C’est par la polémique que nous entrons dans le recueil posthume d’essais et d’articles (1998-2003) d’Entre parenthèses. Bolaño critique, Bolaño chroniqueur, Bolaño conférencier, qu’on avait entr’aperçu à la fin du Gaucho insupportable (2004), y apparaît comme un redoutable bretteur. Renvoyant dos à dos la « gauche latino-américaine néostalinienne » et la « droite latino-américaine à présent globalisée, jusqu’il y a peu complice silencieuse de la répression et du génocide », il fustige la lâcheté politique d’une littérature de fonctionnaires et de best-sellers. S’il n’y va pas toujours de plume morte, reconstruisant une fantasque histoire de la littérature en Amérique, il nous invite à un salutaire exercice : désorienter notre regard d’Européens, et tordre le cou à quelques poncifs, notamment celui de l’exil.
Entre parenthèses est autant l’ombre portée d’un essai littéraire inachevé, que celle d’une autobiographie qui se dérobe. La partie émergée d’une personnalité pour qui la littérature n’est pas une métaphore, mais une « étrange pluie de sang, de sueur, de sperme et de larmes ». Un engagement viscéral, sinon une tauromachie.

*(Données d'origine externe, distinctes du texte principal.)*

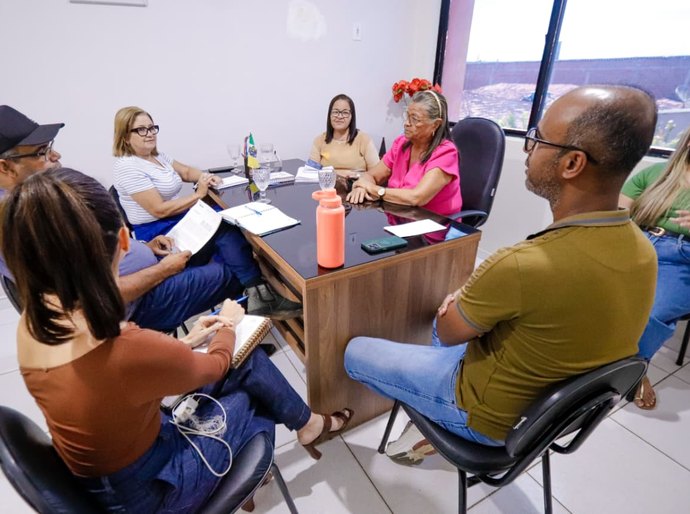 Prefeita de Palmeira e secretária de Educação reúnem equipe para alinhar manutenção preventiva das escolas e retorno às aulas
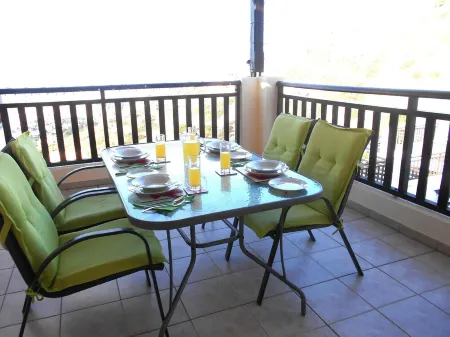 22C Christina Hilltop Apartment panoramic views. Отели в г. Пейя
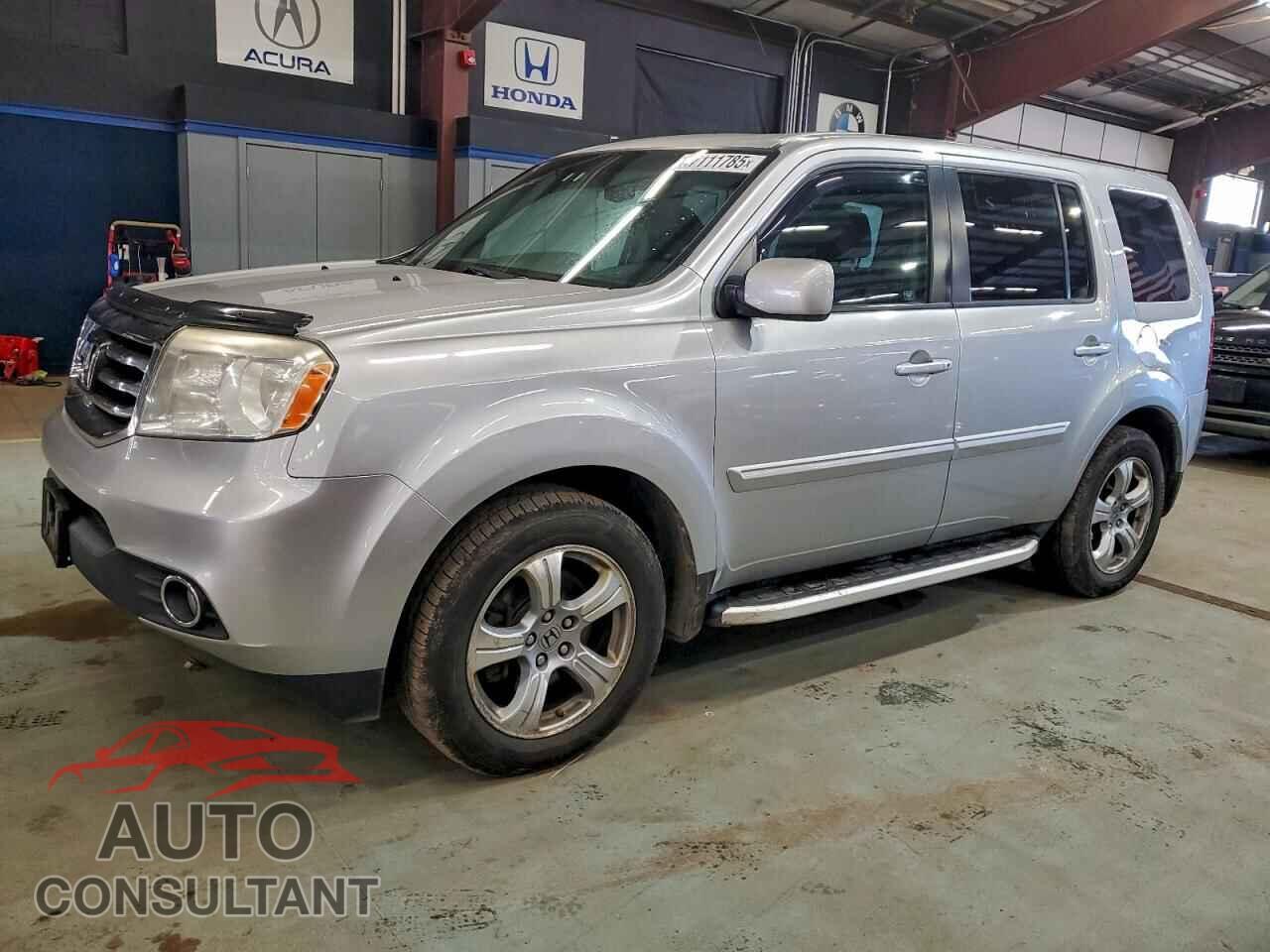 HONDA PILOT 2012 - 5FNYF4H55CB083441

On y lira l’esquisse, entre mélancolie et ironie, d’une géographie intime, de Blanes, dans les environs de Barcelone, où il vécut durant la majeure partie de son « exil » européen, au « pays natal », le Chili, où il retourne après vingt-cinq ans d’absence, en passant par la Patagonie argentine… On y découvrira d’insoupçonnées influences, de Cormac McCarthy et son Méridien de sang, qui plante le décor de l’Etat du Sonora, lieu maudit et cimetière mythique de 2666 bien sûr, mais qui hante nombre de ses récits, aux Vies imaginaires de Marcel Schwob, dont la forme originale l’inspire pour le déroutant et féroce La Littérature nazie en Amérique, livre qui intronise Bolaño en littérature. Sa fascination pour certains auteurs, aussi entière que ses dégoûts, donne à l’hommage sa forme à la fois radicale (« Ellroy est capable de danser la conga cubaine tandis que l’abîme lui rend son regard. ») et répétitive (le compliment ultime salue invariablement l’écrivain qui garde « les yeux ouverts au beau milieu du cauchemar »). C’est qu’il faut prendre au sérieux l’auteur des Détectives sauvages, même dans l’improbable et drôlissime interview à Playboy (version mexicaine) qui clôt Entre parenthèses : « J’aurais aimé être (…) un flic de la criminelle, un type qui peut revenir tout seul, de nuit, sur la scène du crime, et ne pas avoir peur des fantômes. »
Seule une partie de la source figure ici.